Statistics 700 Mathematical Statistics I


STUDENTS: Please submit your online evaluation of the course, the text, and the instructor by signing in to the URL for the CoursEvalUM page at https://www.CourseEvalUM.umd.edu.


Fall 2022 MWF 9-9:50am,    MTH0103

In-person class with assignments and additional materials on ELMS

Instructor:Professor Eric SludStatistics Program,  Math Dept.,   Rm 2314, x5-5469,  slud@umd.edu

Office hours: M 1-2, F 10-11 (initially), or email me to make an appointment (can be on Zoom).
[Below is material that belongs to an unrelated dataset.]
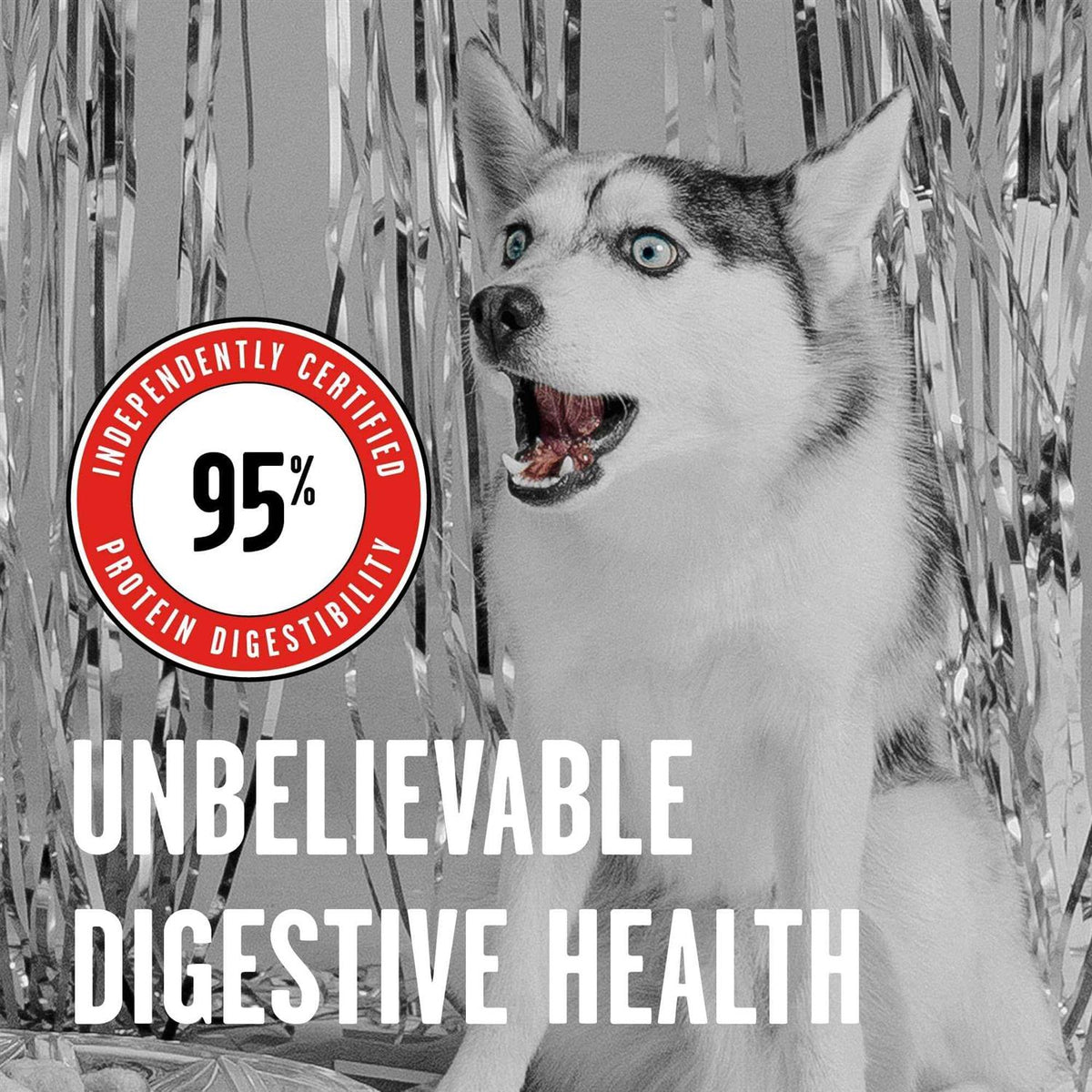 Freeze Dried Beef Dog Food N988331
Lecture Handouts Statistical Computing Handouts Homework Syllabus

Overview: This course introduces mathematical statistics at a theoretical graduate level, using tools of advanced calculus and basic analysis. The framework is to define families of probability models for observed-data structures and explain the sense in which functions of observed-data random variables can give a good idea of which of those probability models governed a particular dataset. The course objective is to treat diverse statistically interesting models for data in a conceptually unified way; to define mathematical properties that good procedures of statistical inference should have; and to prove that some common procedures have them. Aspects of the theoretical results are illustrated using demonstrations with statistical simulation.
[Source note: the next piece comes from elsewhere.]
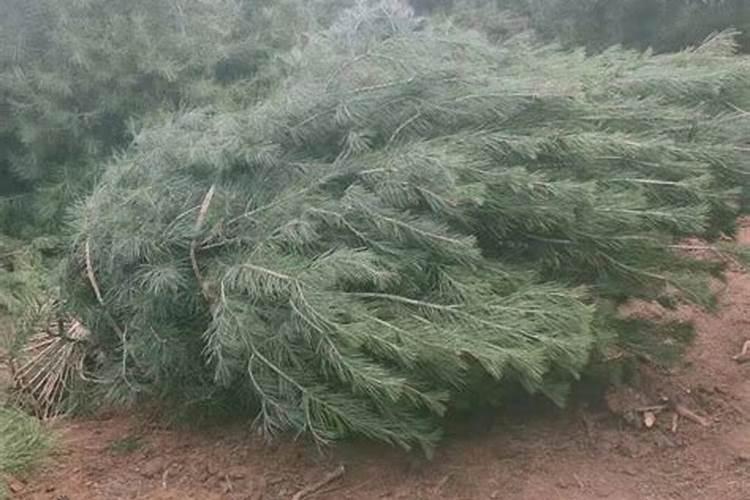 白皮松树叶发黄而死是什么原因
Prerequisite: Stat 410 or equivalent. You should be comfortable (after review) with joint densities, (multivariate, Jacobian) changes of variable, moment generating functions, and conditional expectation, Central Limit Theorem and Law of Large Numbers, and mathematical analysis proofs at the level of Math 410-411.

Required Course Text:   P. Bickel & K. Doksum, Mathematical Statistics, vol.I, 2nd ed., Pearson Prentice Hall, 2007.

Recommended Texts:   (i)   George Casella and Roger Berger Statistical Inference,   2nd ed., Duxbury, 2002.
(ii)   V. Rohatgi and A.K. Saleh, An Introduction to Probability and Statistics, 2nd ed., Wiley, 2001.
(iii)   Jun Shao, Mathematical Statistics, 2nd ed., Springer, 2003.
(iv)   P. Billingsley, Probability and Measure, 2nd (1986) or later edition, Wiley.

A sheet of errata in Casella & Berger compiled by Jeffrey Hart of Texas A&M Stat Dept can be found here.
The most important of these errata are the ones on p.288, in Equation (6.2.7) and in line 14 (the last line
of Thm. 6.2.25): what is important as a sufficient condition for completeness is that the set of "natural parameter"
values   (η1,...,ηk) = (w1(θ),w2(θ),...,wk(θ))   fills out an open set in   Rk   as   θ   runs through all of   Θ.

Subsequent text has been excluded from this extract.